Publishers Want Reach, Not Exploitation

Matthew Prince, Cloudflare’s co-founder and chief executive, said the company is moving quickly because the internet is now dominated by machine traffic.

“Now that the majority of traffic on the Internet is non-human, we must go further and act faster so that a sustainable ecosystem can emerge,” Prince said, referring to the recent milestone in which bots surpassed human traffic online sooner than expected.

Prince added that Cloudflare’s tools and partnerships are designed to give publishers more visibility and commercial leverage, while also rewarding AI companies that are transparent about how they use content.

From Pay Per Crawl To Pay Per Use

Cloudflare has increasingly positioned itself as a gatekeeper for publishers looking to assert control in the AI era. The company already offers tools to block AI bots, along with a marketplace called Pay Per Crawl, which lets websites charge AI systems for scraping.

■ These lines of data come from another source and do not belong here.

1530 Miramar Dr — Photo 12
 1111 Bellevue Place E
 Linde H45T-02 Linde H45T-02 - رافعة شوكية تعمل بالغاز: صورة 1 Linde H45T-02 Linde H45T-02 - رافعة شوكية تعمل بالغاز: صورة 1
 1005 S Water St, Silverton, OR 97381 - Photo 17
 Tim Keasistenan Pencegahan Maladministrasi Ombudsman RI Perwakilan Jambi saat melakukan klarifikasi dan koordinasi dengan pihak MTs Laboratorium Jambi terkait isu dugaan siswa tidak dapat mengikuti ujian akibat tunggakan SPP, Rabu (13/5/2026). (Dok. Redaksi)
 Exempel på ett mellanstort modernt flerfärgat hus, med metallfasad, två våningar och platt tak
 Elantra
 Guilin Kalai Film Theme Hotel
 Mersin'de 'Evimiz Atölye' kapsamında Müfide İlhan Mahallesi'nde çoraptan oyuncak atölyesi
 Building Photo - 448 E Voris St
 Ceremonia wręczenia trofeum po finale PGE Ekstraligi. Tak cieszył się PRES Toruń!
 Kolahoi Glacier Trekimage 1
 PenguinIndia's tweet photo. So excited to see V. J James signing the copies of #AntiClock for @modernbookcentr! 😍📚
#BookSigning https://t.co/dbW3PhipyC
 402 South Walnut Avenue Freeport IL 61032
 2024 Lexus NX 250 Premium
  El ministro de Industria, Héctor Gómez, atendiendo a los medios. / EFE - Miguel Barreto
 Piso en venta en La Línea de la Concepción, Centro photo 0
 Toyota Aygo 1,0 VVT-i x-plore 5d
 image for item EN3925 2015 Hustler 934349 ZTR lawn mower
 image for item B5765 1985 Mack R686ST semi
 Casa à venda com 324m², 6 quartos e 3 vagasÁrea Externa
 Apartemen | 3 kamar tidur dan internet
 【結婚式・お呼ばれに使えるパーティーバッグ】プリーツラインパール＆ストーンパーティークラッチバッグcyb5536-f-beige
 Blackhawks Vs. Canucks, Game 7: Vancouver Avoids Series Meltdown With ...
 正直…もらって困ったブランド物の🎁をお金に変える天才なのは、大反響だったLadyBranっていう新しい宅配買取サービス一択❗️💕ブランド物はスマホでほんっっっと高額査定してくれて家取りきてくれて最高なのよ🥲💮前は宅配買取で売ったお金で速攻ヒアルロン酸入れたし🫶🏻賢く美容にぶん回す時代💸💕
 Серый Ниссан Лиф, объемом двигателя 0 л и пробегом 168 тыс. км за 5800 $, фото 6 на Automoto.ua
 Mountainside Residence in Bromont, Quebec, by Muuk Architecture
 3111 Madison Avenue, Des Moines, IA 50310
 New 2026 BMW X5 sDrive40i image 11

That framework is now expanding into Pay Per Use, which Cloudflare says will allow publishers to charge AI companies when content creates value, not merely when it is fetched. In practical terms, that shifts the economics from extraction to monetization.

Cloudflare says the move may also reduce waste. Its data suggests more than half of crawl traffic from AI bots is spent revisiting pages that have not changed, consuming bandwidth and compute without adding fresh value for either side.

Early Partners Signal The Commercial Model

To launch the new system, Cloudflare is working with Ceramic.ai and You.com. Under the opt-in model, publishers can be paid when their content appears in Ceramic’s AI search results or when You.com accesses premium material.

Cloudflare says other AI companies can adapt the model to fit their own products. The broader message is clear: the era of unrestricted crawling is giving way to one in which access, attribution, and compensation are increasingly negotiated rather than assumed.